# Elizabethan Collars



## CelticKitti (Jul 1, 2010)

Skye said:


> My husband and I think Auggie's nose may be too long for the inflatable type to work. Anyone tried 'em?


Kodi could get around it. I honestly think your husband is right about the nose being too long. I put it back in the box to take it back after about 10 minutes.


----------



## partial2poodles (Feb 11, 2010)

I loved my inflatable for little Gino when he got neutered. I don't know where it is,,,around here somewhere.


----------



## schnauzerpoodle (Apr 21, 2010)

How about this: Comfy Cone Soft Pet E-Collar Alternative - Small


----------



## Chagall's mom (Jan 9, 2010)

schnauzerpoodle said:


> How about this: Comfy Cone Soft Pet E-Collar Alternative - Small


I use the Comfy Cone for Chagall, it has loops on the neck part so you can thread a collar through it. Even doing that though, the collar slips just enough on Chagall's slender neck so he can poke his nose out and resume licking his injured whatever. So, I FINALLY outsmarted him (which isn't easy!) by tying a bandana around his neck beneath the cone so it can't slip.

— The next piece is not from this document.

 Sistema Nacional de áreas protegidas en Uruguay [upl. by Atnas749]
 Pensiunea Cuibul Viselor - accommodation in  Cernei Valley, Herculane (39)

He doesn't seem uncomfortable in the least wearing it, the only thing is the sound of the velcro closures really startled him at first (they make a loud, ripping sort of noise). If you use it I suggest first showing it to Auggie, let him sniff it and listen to the sound of the velcro being fastened and undone while you give him yummy treats. Good luck and I do hope Auggie's little fanny heals soon!


----------



## CT Girl (Nov 17, 2010)

I used the inflatable collar on my Aussie Zack. He was able to defeat it and every modification that I made to it to be more effective. Hard to believe that a big dog could be so flexible.


----------